For the same reason, the triangle CDE is to ADE as CE is to AE.

V.11

Therefore BD is to AD also as CE is to AE.

Next, let the sides AB and AC of the triangle ABC be cut proportionally, so that BD is to AD as CE is to AE. Join DE.

I say that DE is parallel to BC.

With the same construction, since BD is to AD as CE is to AE, but BD is to AD as the triangle BDE is to the triangle ADE, and CE is to AE as the triangle CDE is to the triangle ADE, therefore the triangle BDE is to the triangle ADE as the triangle CDE is to the triangle ADE.

Therefore each of the triangles BDE and CDE has the same ratio to ADE.

V.9

Therefore the triangle BDE equals the triangle CDE, and they are on the same base DE.

I.39

But equal triangles which are on the same base are also in the same parallels.

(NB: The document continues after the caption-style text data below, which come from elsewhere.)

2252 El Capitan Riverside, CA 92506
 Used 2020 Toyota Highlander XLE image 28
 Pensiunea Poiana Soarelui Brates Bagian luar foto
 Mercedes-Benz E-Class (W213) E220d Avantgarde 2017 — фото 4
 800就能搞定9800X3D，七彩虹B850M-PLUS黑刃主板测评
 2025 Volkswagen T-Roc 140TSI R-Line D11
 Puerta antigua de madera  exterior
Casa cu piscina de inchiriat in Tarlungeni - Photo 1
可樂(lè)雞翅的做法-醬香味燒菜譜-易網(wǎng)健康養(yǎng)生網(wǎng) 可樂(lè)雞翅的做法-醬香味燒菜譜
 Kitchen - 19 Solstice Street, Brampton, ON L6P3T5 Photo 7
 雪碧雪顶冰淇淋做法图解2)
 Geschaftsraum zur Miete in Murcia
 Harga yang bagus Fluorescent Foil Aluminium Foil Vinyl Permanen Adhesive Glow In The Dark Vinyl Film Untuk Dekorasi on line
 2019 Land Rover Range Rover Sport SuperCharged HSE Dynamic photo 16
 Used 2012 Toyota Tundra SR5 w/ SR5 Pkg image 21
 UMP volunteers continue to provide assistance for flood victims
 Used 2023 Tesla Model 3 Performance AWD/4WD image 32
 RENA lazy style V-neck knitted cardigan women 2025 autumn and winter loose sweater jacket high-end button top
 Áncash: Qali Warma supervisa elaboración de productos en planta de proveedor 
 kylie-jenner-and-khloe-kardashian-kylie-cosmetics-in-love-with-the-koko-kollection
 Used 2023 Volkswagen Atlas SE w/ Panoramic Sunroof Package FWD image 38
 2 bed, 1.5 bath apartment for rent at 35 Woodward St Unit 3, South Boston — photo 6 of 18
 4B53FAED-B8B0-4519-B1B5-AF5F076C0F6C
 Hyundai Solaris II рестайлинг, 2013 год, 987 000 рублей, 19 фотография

Therefore DE is parallel to BC.

Therefore, if a straight line is drawn parallel to one of the sides of a triangle, then it cuts the sides of the triangle proportionally; and, if the sides of the triangle are cut proportionally, then the line joining the points of section is parallel to the remaining side of the triangle.

Q.E.D.

## Guide

Euclid prefers to prove a pair of converses in two stages, but in some propositions, as this one, the proofs in the two stages are almost inverses of each other, so both could be proved at once.

In this proposition we have a given triangle ABC and a line DE joining a point D on the side BC to a point E on the side AC. The claim is that

BD : AD = CE : AE if and only if DE || BC.

By the previous proposition VI.1 we know in any case that

CE : AE = triangle CDE : triangle ADE.

Hence,

BD : AD = CE : AE if and only if BDE : ADE = CDE : ADE.

By propositions V.7 and V.9 the latter condition is equivalent to BDE = CDE, and that, in turn, by propositions I.37 and I.39 is equivalent to DE || BC.

#### Note

It should be noted that a proportion such as BD : AD = AE : CE is not intended. In that case the sides are cut proportionally, but the correspondence is not the intended one.

#### Use of this theorem

This proposition is frequently used in the rest of Book VI starting with the next proposition. It is also used in Books XI and XII.